**EXERCISE**:
Would you write out the full listing exactly, without any pictures?

**RECORDED INFORMATION**:
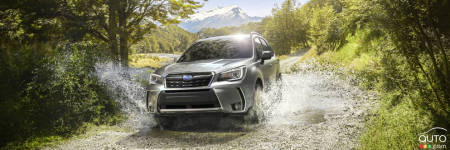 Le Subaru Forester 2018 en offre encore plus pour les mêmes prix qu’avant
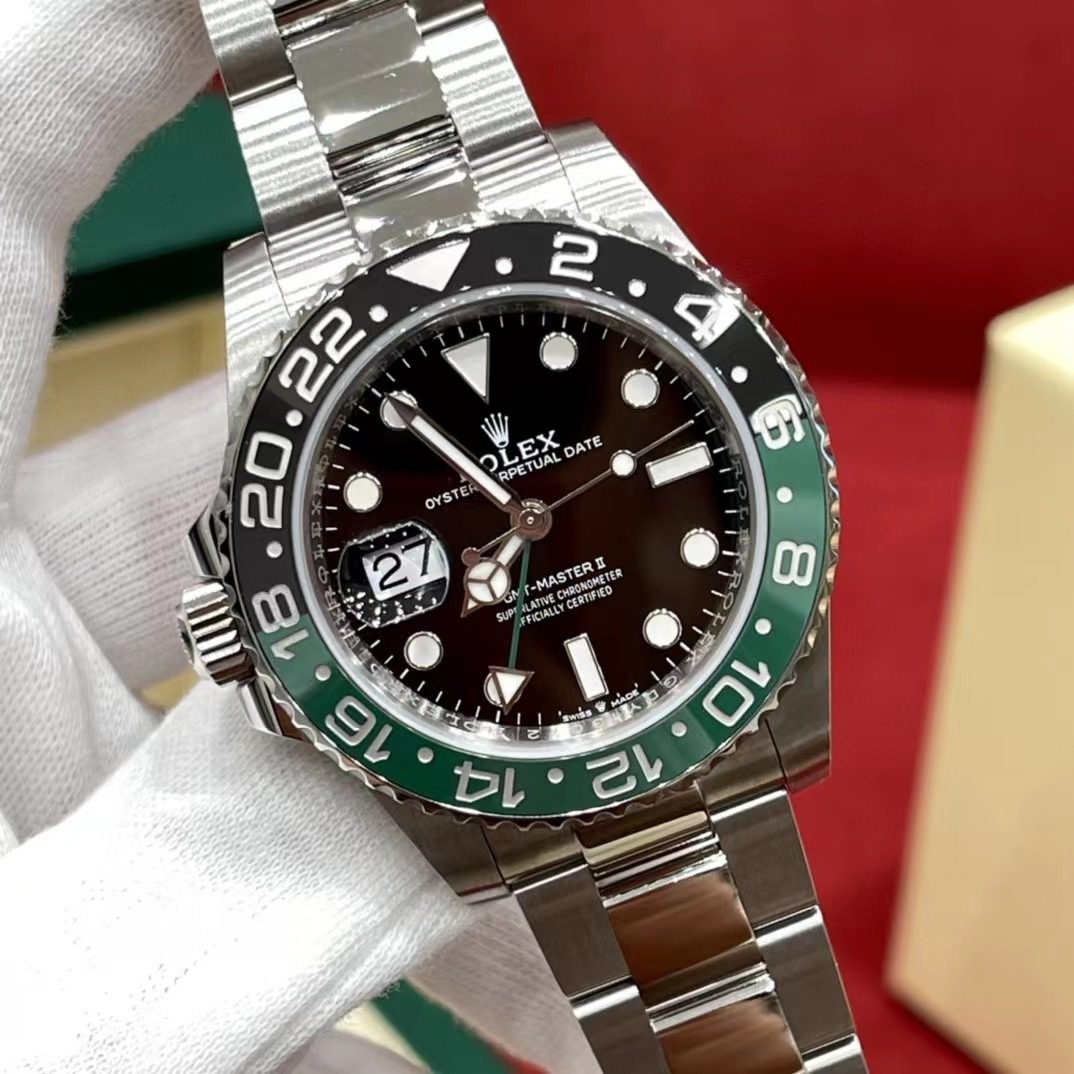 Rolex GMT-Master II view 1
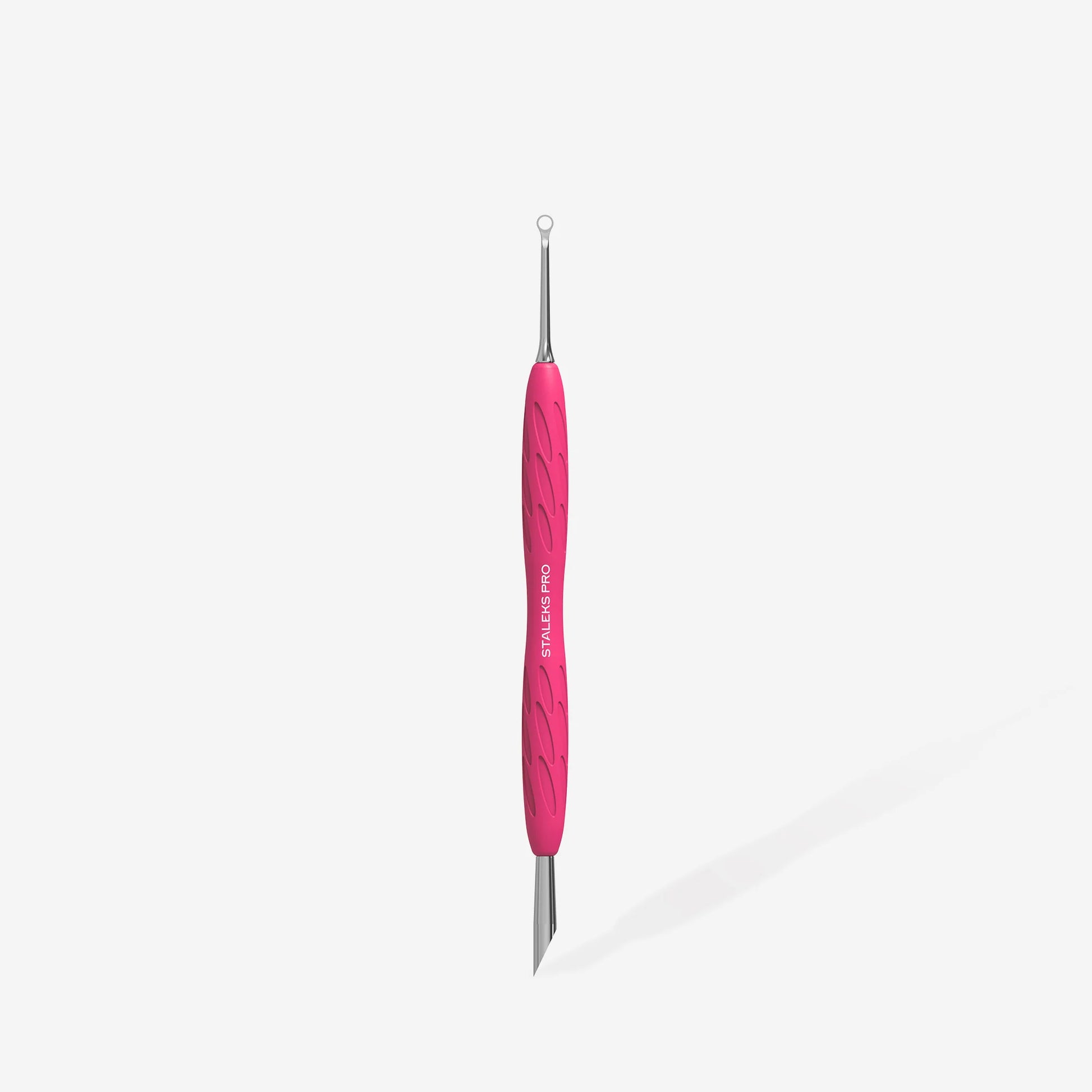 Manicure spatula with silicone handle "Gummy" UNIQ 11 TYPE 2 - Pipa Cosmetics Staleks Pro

**OUTPUT OF THE EXERCISE**:
 Le Subaru Forester 2018 en offre encore plus pour les mêmes prix qu’avant
 Rolex GMT-Master II view 1
 Manicure spatula with silicone handle "Gummy" UNIQ 11 TYPE 2 - Pipa Cosmetics Staleks Pro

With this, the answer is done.